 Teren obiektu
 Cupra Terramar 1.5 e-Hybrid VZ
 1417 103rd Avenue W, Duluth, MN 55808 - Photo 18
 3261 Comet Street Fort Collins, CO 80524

◆ **Exercise description**:
Starting from the line that contains "Cupra Terramar 1.5 e-Hybrid VZ", give again every line to the last line of the data, exactly. Include nothing else.

◆ **Answer**:
 Cupra Terramar 1.5 e-Hybrid VZ
 1417 103rd Avenue W, Duluth, MN 55808 - Photo 18
 3261 Comet Street Fort Collins, CO 80524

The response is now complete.